ACTIVITY
Starting with the line that has "Hi, in the previous" in the records below and ending with the line that has "How do you ensure", output those lines exactly and nothing more; omit the pictures.

RECORDS FOR THIS EXERCISE
○ ○ ○ ○ ○

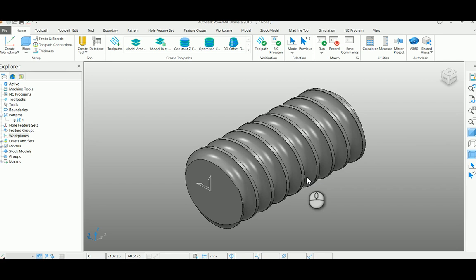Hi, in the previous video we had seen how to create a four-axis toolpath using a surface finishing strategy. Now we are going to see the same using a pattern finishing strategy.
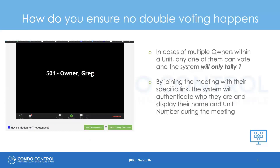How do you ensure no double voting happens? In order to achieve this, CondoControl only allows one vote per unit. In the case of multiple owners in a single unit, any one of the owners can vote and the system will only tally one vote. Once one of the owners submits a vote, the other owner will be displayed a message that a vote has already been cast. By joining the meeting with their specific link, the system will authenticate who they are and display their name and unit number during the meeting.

○ ○ ○ ○ ○

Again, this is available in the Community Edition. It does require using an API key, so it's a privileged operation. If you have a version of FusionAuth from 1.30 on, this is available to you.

○ ○ ○ ○ ○

OUTPUT FOR THIS EXERCISE
Hi, in the previous video we had seen how to create a four-axis toolpath using a surface finishing strategy. Now we are going to see the same using a pattern finishing strategy.
How do you ensure no double voting happens? In order to achieve this, CondoControl only allows one vote per unit. In the case of multiple owners in a single unit, any one of the owners can vote and the system will only tally one vote. Once one of the owners submits a vote, the other owner will be displayed a message that a vote has already been cast. By joining the meeting with their specific link, the system will authenticate who they are and display their name and unit number during the meeting.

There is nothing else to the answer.